Another interpretation of the projection procedure is that it minimizes the squared difference between the predictions of the supervised solution and a new semi-supervised solution on the set of objects in \(\mathbf {X}_{\circ }\), while ensuring the semi-supervised solution corresponds to a possible labeling of the unlabeled objects:

$$\begin{aligned} \min _{\mathbf {w} \in \varTheta } ||\mathbf {X}_{\circ } \mathbf {w} - \mathbf {X}_{\circ } \mathbf {w}_\text {sup} ||^2 \,. \end{aligned}$$

Since this comparison requires only the features in \(\mathbf {X}_{\circ }\) and not the corresponding labels, this can be done either on the labeled data, when we choose \(\mathbf {X}_{\circ }=\mathbf {X}\), but also on the labeled and unlabeled data combined when \(\mathbf {X}_{\circ }=\mathbf {X}_\mathrm {e} \). This interpretation is similar to the work of Schuurmans and Southey (2002), where the unlabeled objects are also used to measure the difference in predictions of two hypotheses.

6 Experimental analysis

For our experiments, we consider 16 classification datasets. six of these are the semi-supervised learning benchmark datasets proposed by Chapelle et al. (2006), while the other ten were retrieved from the UCI Machine Learning repository (Lichman 2013). All of the datasets are binary classification problems, or were turned into two-class problems by merging several similar classes. As a preprocessing step, missing input values were imputed using medians and modes for the Mammography and Diabetes datasets. The code to reproduce the results presented here is available from the first author’s website.

The number of labeled examples is chosen such that \(N_l>d\). This is necessarily to have a high probability that the matrix \(\mathbf {X}_\text {e}^\top \mathbf {X}_\text {e}\) is positive definite, which was a requirement of Theorem 1. More importantly, this avoids peaking behaviour (Raudys and Duin 1998; Opper and Kinzel 1996), were the unregularized supervised least squares classifier has low performance when the matrix \(\mathbf {X}^\top \mathbf {X}\) is not full-rank.

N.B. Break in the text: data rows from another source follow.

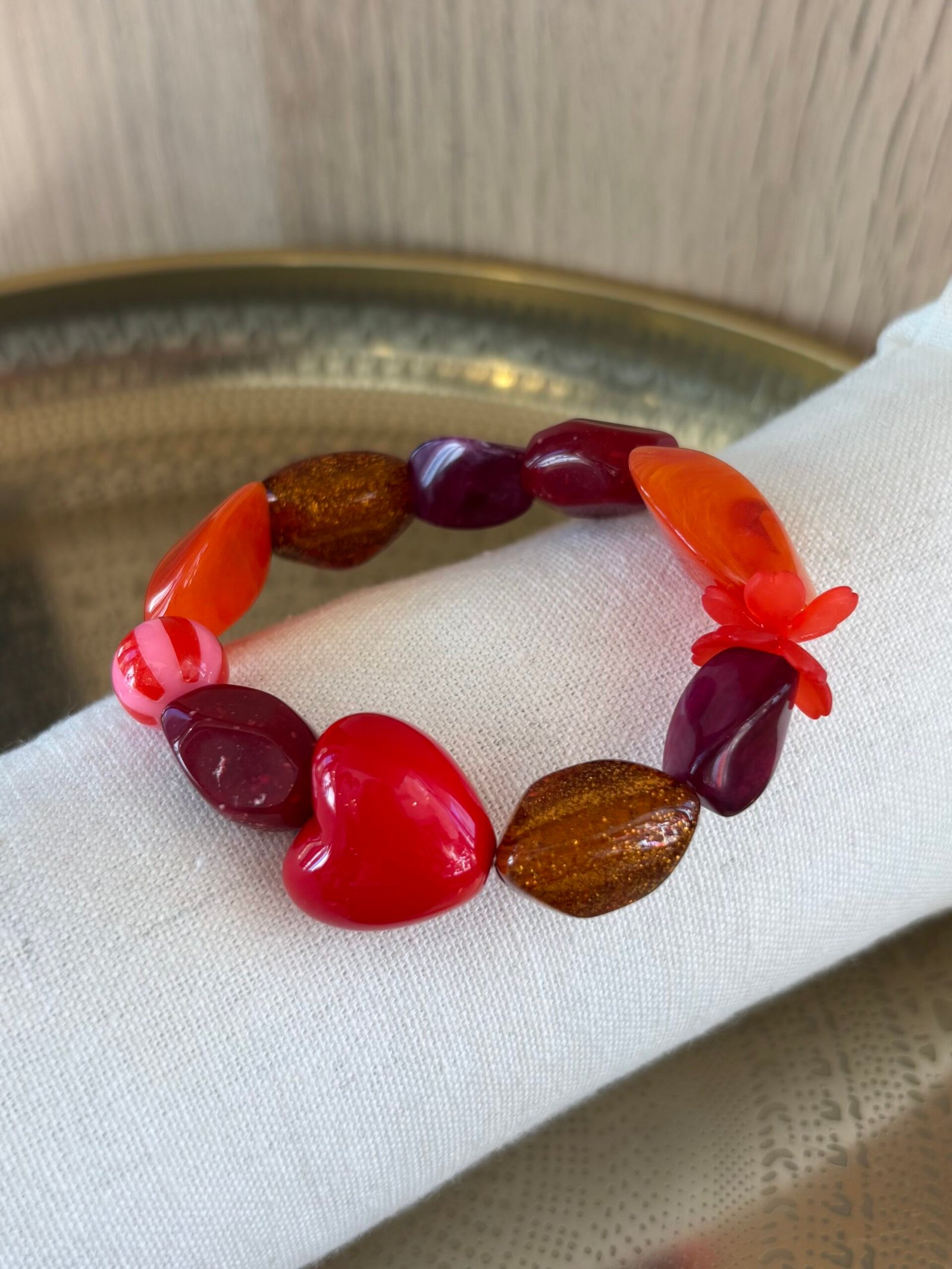 Bracelet SOLEIL nuance de rouge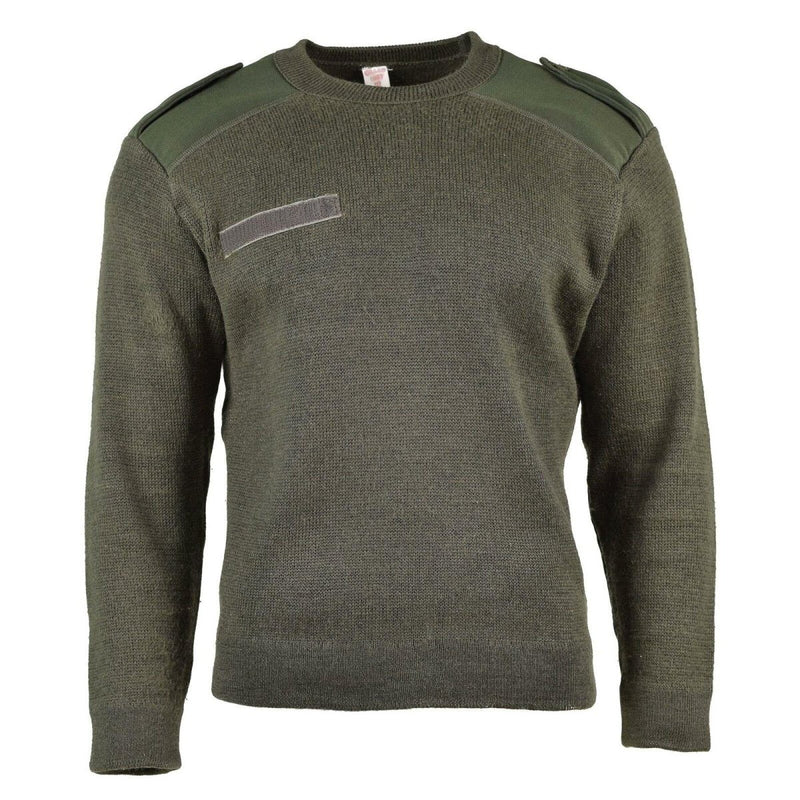 Olive green genuine French army sweater with reinforced shoulders and elbows, round neck, durable military pullover.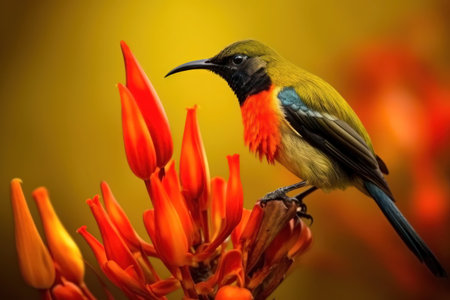 Olive-backed sunbird (Olive-backed sunbird) perched on a flowerの素材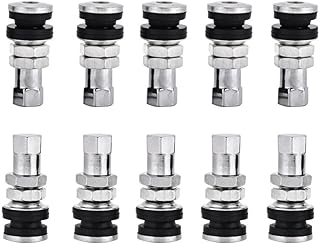 Tire Valve Stems, 10pcs TR161 Metal Car Truck Motorcycle Bolt in Tire Tyre Valve Short Stems with Dust Cap for ATV Car Boat Trailer Motorcycle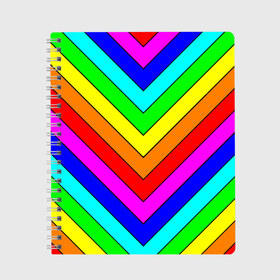 Тетрадь с принтом Rainbow Stripes в Новосибирске, 100% бумага | 48 листов, плотность листов — 60 г/м2, плотность картонной обложки — 250 г/м2. Листы скреплены сбоку удобной пружинной спиралью. Уголки страниц и обложки скругленные. Цвет линий — светло-серый
 | Тематика изображения на принте: geometry | gradient | neon | геометрические | градиент | детям | кислота | кислотный | конус | красочный | линии | неоновые | пирамида | полоска | полосы | радуга | радужный | разноцветные | сочный | треугольники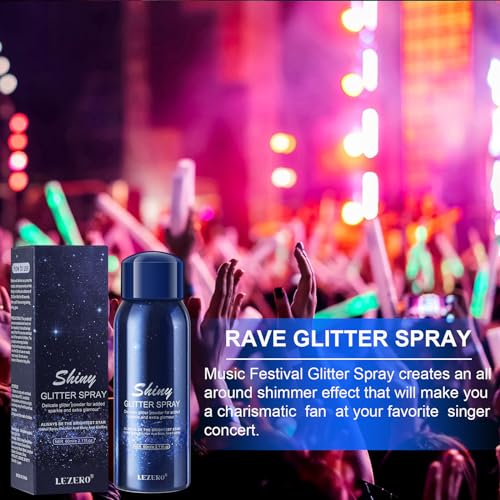 Glitter Spray for Hair & Body - Waterproof Shimmer Makeup, 2oz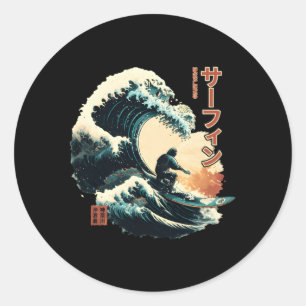 Surfing The Great Wave Of Kanagawa Surfer Classic Round Sticker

For the SVM and TSVM implementations we made use of the SVMlin software (Sindhwani and Keerthi 2006). For these we used parameter settings \(\lambda =0.01\) and \(\lambda _u=1\).

6.1 Robustness

To illustrate Theorem 1 experimentally, as well as study the performance of the proposed procedure on a test set, we set up the following experiment. For each of the 16 datasets, we randomly select 2d labeled objects. We then randomly sample, with replacement, 1000 objects as the unlabeled objects from the dataset. In addition, a test set of 1000 objects is also sampled with replacement. This procedure is repeated 100 times and the ratio between the average quadratic losses for the supervised and the semi-supervised procedure \(\tfrac{L(\mathbf {w}_\text {semi},\mathbf {X}_\mathrm {e} ,\mathbf {y}_\text {e}^{*})}{L(\mathbf {w}_\text {sup},\mathbf {X}_\mathrm {e} ,\mathbf {y}_\text {e}^{*})}\) is calculated. As stated by Theorem 1, this quantity should be smaller than 1 for the Projection procedure. We do the same for self-learning applied to the least squares classifier and to an \(L_2\)-Transductive SVM, which we compare to the supervised \(L_2\)-SVM. The results are shown in Figure 1.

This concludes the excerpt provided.